So, it’s been a bit since I’ve posted here because I’ve been mentally and physically unable to reply to your posts or reach out and help anyone, and the few people I have managed to reach out to, well… It’s not gone too well. I already feel like the worst person in the world for that - what kind of person doesn’t help someone in need?
The last few weeks have been so difficult. It’s almost worse than the first 30 days I had free from pills, which, anyone that has found recovery from any type of addiction, will know, those first days are a living hell.
I am constantly exhausted to the point my entire body physically hurts all the time… People suggest hot baths for the pain… Makes sense right? Only, I don’t have the energy to even get up, let alone run a bath. I’m not eating because I’m either not hungry or just don’t really care for it. I mean, it’s not all bad, it’ll help me lose a bit the weight I need to lose. It’s been a long while since I’ve been emotionally exhausted to this extent, and I really don’t know how to help myself back out of it.
If I’m not wanting to get high, self harm or kill myself, I’m wanting to sleep. I’ve fallen back into the addiction of self harm, I am cutting pretty much every other day and I really don’t know if I am in a position where I can stop.

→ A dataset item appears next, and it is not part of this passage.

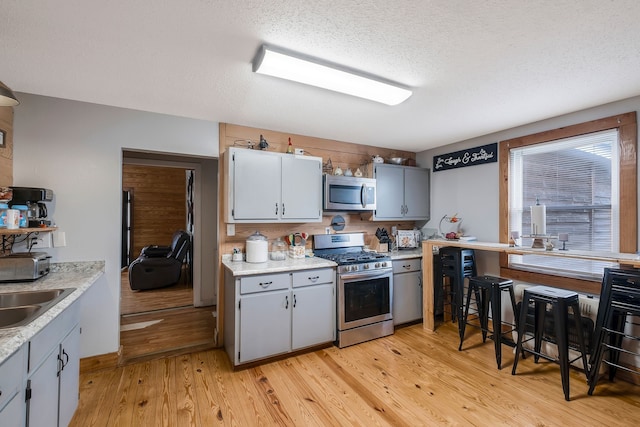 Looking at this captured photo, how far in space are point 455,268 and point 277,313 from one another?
208 centimetres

I’m back at the point of hearing those voices in my head trying to encourage me to do anything I can to have get a break.

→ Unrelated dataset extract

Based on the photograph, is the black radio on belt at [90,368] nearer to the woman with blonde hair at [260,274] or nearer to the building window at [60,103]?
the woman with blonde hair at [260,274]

I got pulled up at work about the fact I’m horrendously under performing, now for me that’s massive because I’ve been at my job for 4 years and have always been one of the top 3 employees on my department… Because of all of this going on, I’m now not even meeting the required targets… The following day I phoned into work sick, lying about the reason because I didn’t want to admit it was my depression and now could potentially be in some trouble (I wouldn’t lose my job just yet).
I don’t know what to do anymore, I feel like I’m back where I was right at the start when I was heading into my first relapse. I treat the people I care about like crap when all they want to do is help. I know recovery doesn’t take breaks - it’s a constant battle every damn day… but I don’t know how much longer I can stand being on the battlefield. Do I even deserve to still be alive?
If anyone can give any advice at all… Please. I’m trying to hold on, but it’s getting harder each day.